The sad thing is that we'll probably see this plane fly again by the end of the year, because the millions of dollars in retrofits will still be cheaper than having to scrap all existing planes.

We have no idea what other potentially lethal corners have been cut. What if they go back into service, after several months of retrofitting all of them at Boeing maintenance hangers, and then the following year there are two more deadly crashes from some other overlooked hack.

Really, these planes need to be scrapped. The engines, equipment, seats, etc can all be stripped and used in other planes, but the air frames will need to be recycled and this line of planes should end here.

Even if it doesn't (probably won't), I highly doubt we'll see another generation of 737s. They did survive the rudder problems way back from the... 80s? or 90s? .. So their reputation might recover, but they still can't make the types of planes airlines want and keep that name/certification.

I had forgotten about the rudder problems!
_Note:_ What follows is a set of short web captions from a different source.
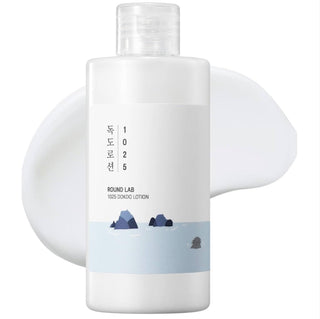 Round Lab 1025 Dokdo Lotion emulsion bottle with white and blue label, showcasing the skincare product in a clear container.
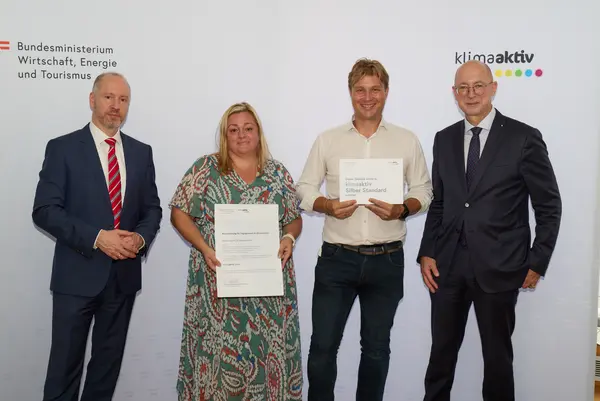 4 Personen mit Urkunde schauen in die Kamera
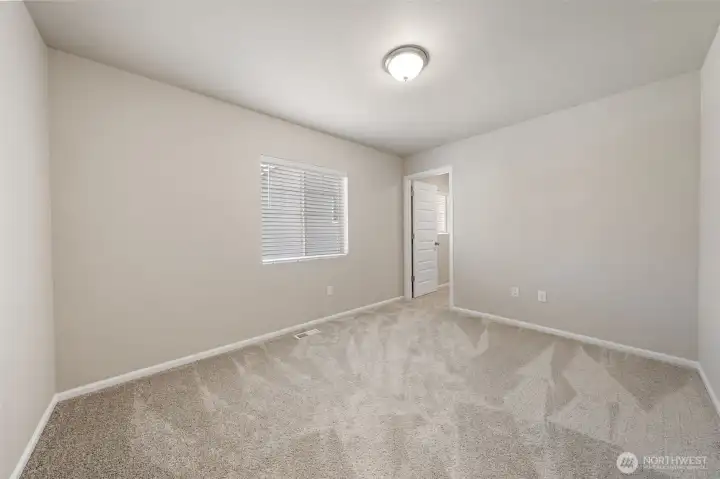 2nd bedroom upstairs with a walk-in closet.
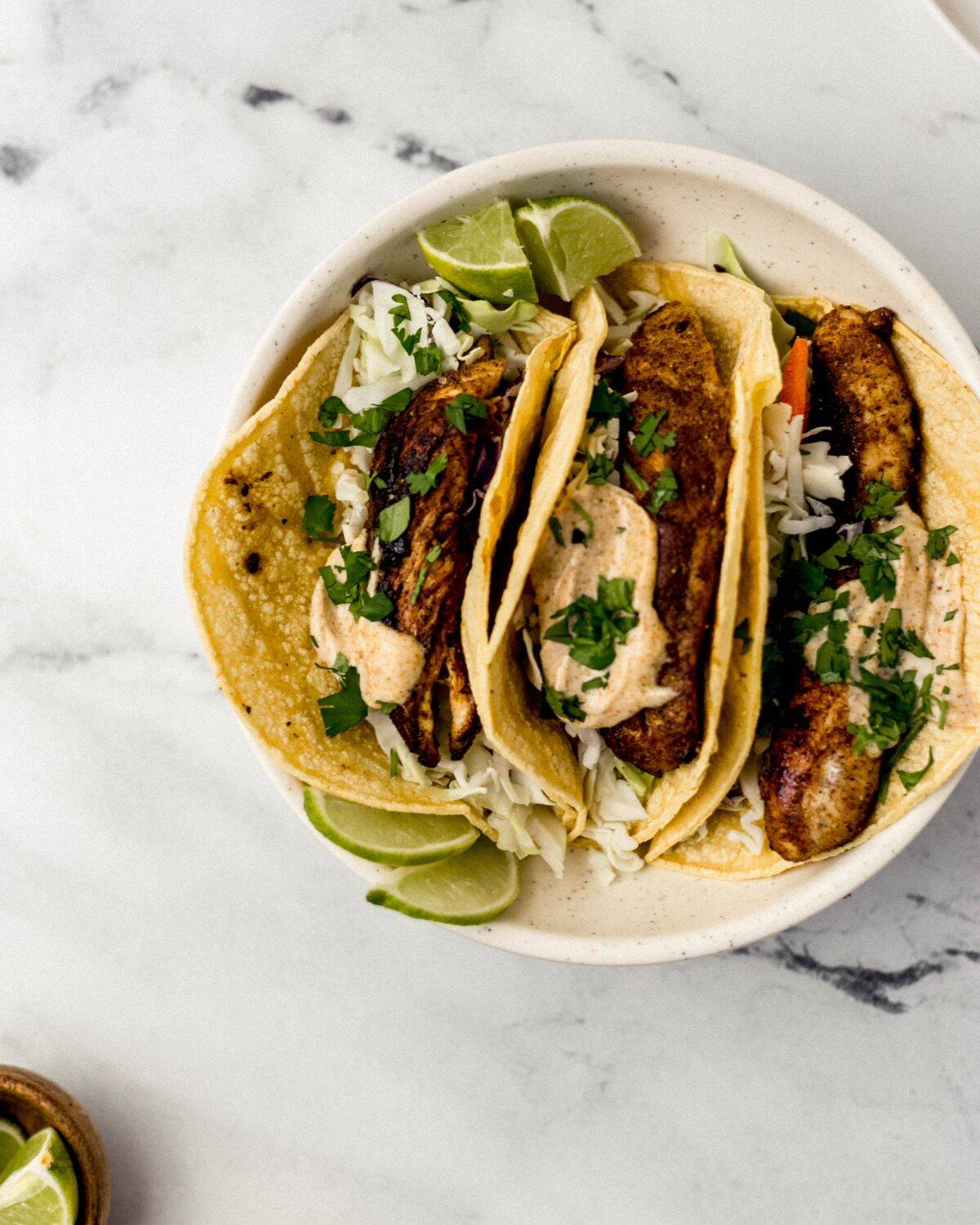 Jerk Chicken Tacos Simply LaKita 3 Overhead view of three tacos in white bowl by small wooden bowl of lime wedges.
Worth a read: https://imgur.com/a/5wcFx8M

> Perhaps the single most complex, insidious, and long-lasting mechanical problem in the history of commercial aviation was the mysterious rudder issue that plagued the Boeing 737 throughout the 1990s. Although it had long been rumoured to exist, the defect was suddenly thrust into the spotlight when United Airlines flight 585 crashed on approach to Colorado Springs on the third of March, 1991, killing all 25 people on board. The crash resulted in the longest investigation in NTSB history, years of arduous litigation, and a battle with Boeing over the safety of its most popular plane.
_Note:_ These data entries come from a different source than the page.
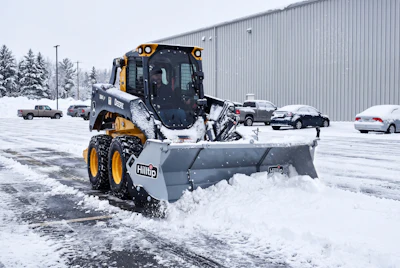Yellow and black snow plow clearing parking lot during winter with vehicles and industrial building in background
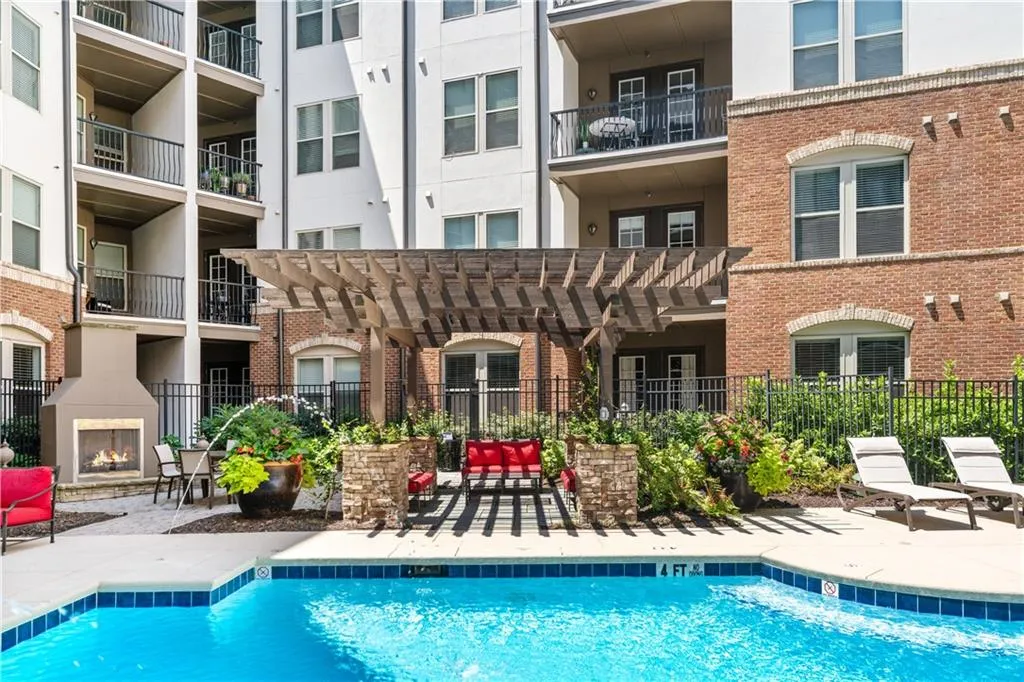 Community pool with a lit fireplace and a patio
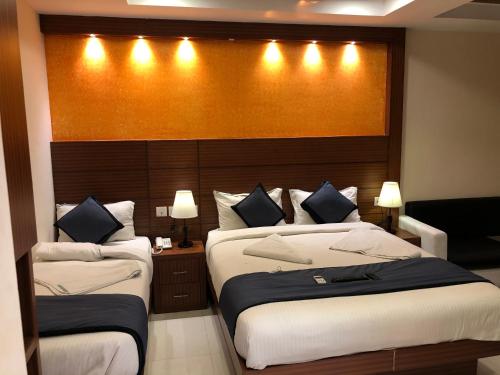 1 Schlafzimmer mit 2 Betten und einem Kopfteil mit Beleuchtung in der Unterkunft HOTEL SPARK RESIDENCY in Chennai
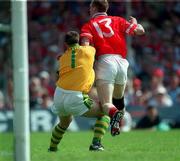 18 June 2000; Cork's Philip Clifford collides with Kerry goalkeeper Declan O'Keeffe which resulted in Clifford being given a yellow card by referee Mick Curley during the Bank of Ireland Munster Senior Football Championship Semi-Final match between Kerry and Cork at Fitzgerald Stadium in Killarney, Kerry. Photo by Brendan Moran/Sportsfile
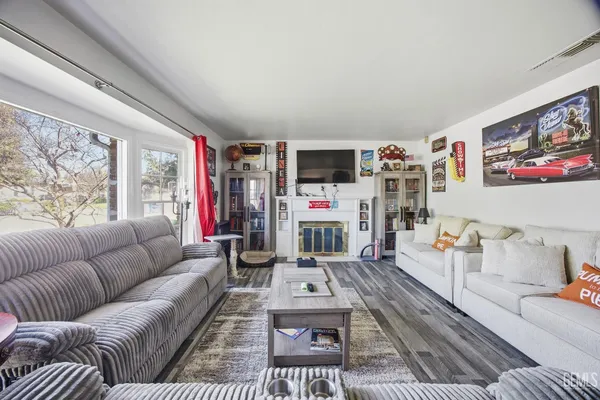 a living room with furniture a flat screen tv and a floor to ceiling window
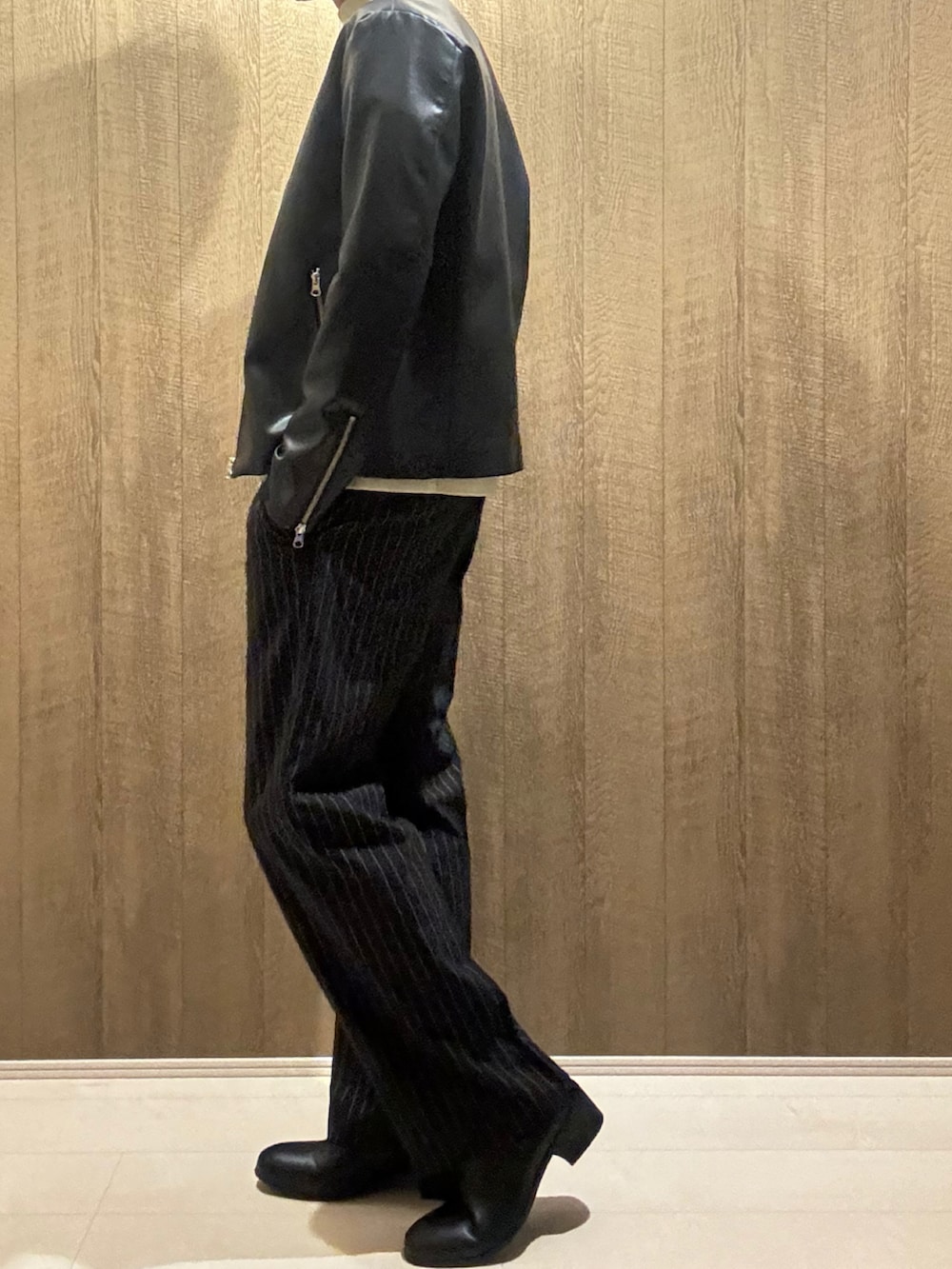 ブラック系のライダースジャケット、ホワイト系のニット/セーター、ブラック系のその他パンツを着用したメンズの秋コーディネートの2枚目の写真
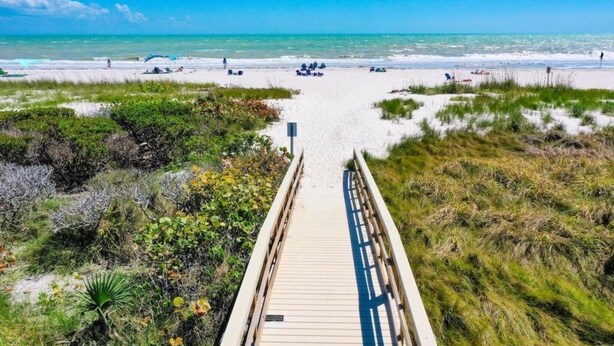 Un paseo marítimo de madera que conduce a una playa con cielos despejados y aguas tranquilas.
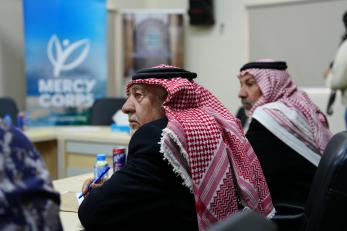 Men listening to a speaker at a conference.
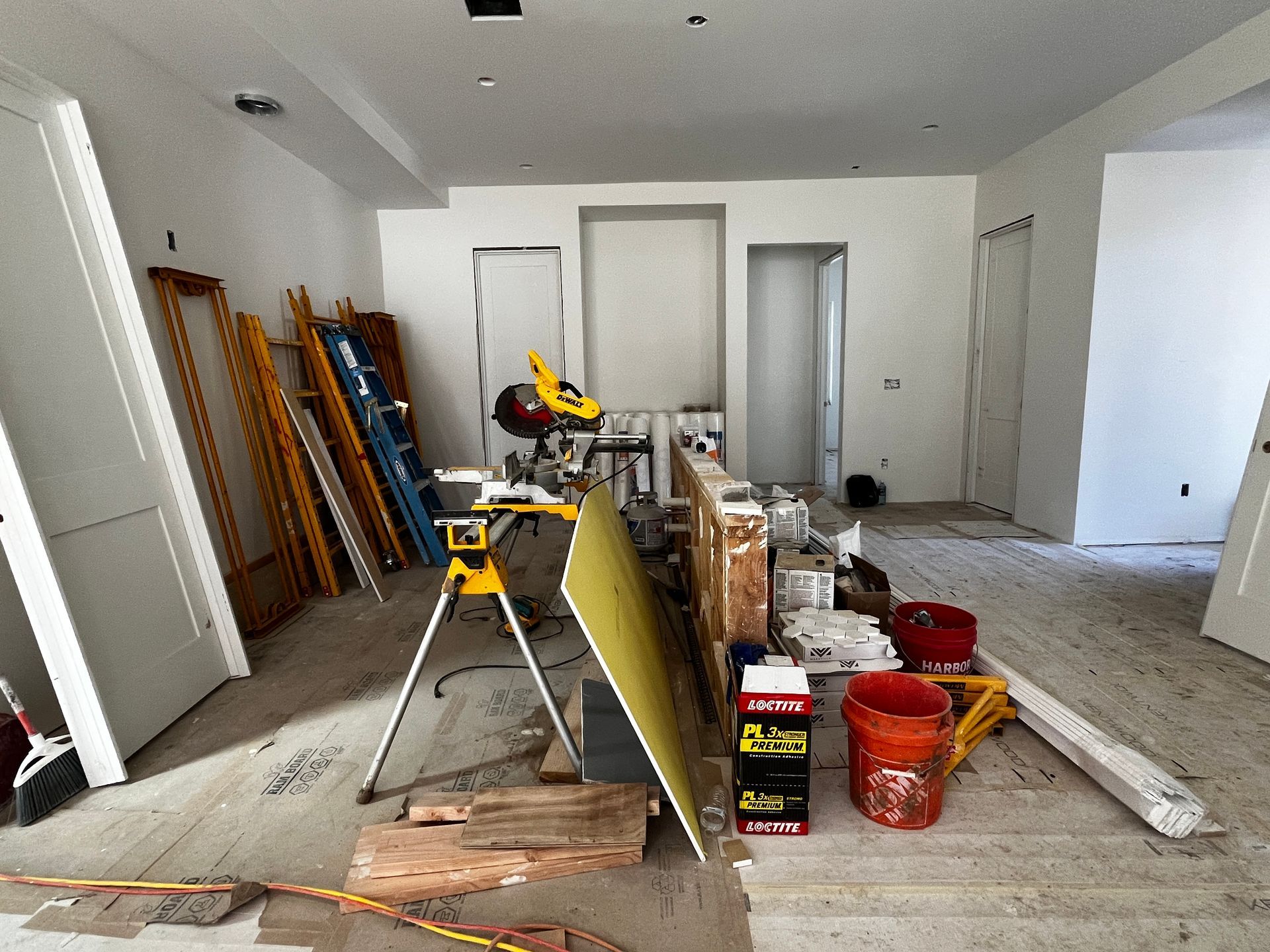 A room that is being remodeled with a lot of tools on the floor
For anyone who enjoyed the write up, it's from reddit user AdmiralCloudberg who has a bunch of them, and they're all good: https://www.reddit.com/r/AdmiralCloudberg/comments/a4ckhv/pl...

Those images are blocked for me at work, would have been helpful if they had added the text itself to the Reddit posts!

In what world is scrapping the airframes due to a (serious) software fault the best and most sensible solution? Do you believe there could be undiagnosed problems with the wings, fuselage, tail, hydraulics, electrics, fueling system, gear, etc.?

In what world is scrapping the airframes due to a (serious) software fault the best and most sensible solution?

A world in which the faulty software was required to fix faulty hardware.

The hardware isn't faulty. The problem is the way Boeing tried to achieve a zero training delta so pilots wouldn't have to get a second type rating.

the airplane did not have stable flight characteristics because of its physical design.

that’s a hardware problem.

MCAS only exists because of that hardware problem.

the fact that boeing also did not train or tell pilots about MCAS, in order to make the airplane more financially appealing by retaining the 737 type rating, is a separate (also bad) issue.

All jetliners are unstable at altitude in cruise, and require augmentation.


Aircraft design is a giant bag of compromises between desirable characteristics, most which are in conflict with each other.

Best-stated comment so far. We seem to forget that this whole problem exists in an edge domain only.

an INOP yaw damper doesn’t cause a hull loss crash

Fun fact. The original 737 actually had two yaw dampeners because they expected it to have diverging yaw stability. Just by chance the airframe is actually positively stable so can operate safely with no yaw dampeners so one was removed.

>the airplane did not have stable flight characteristics because of its physical design.

This is a gross oversimplification of the problem. In most of the flight envelope the aircraft is stable.

At high alpha the aircraft has pitch problems.

There are myriad ways to address this, and MCAS was one (bad) choice of many available to Boeing.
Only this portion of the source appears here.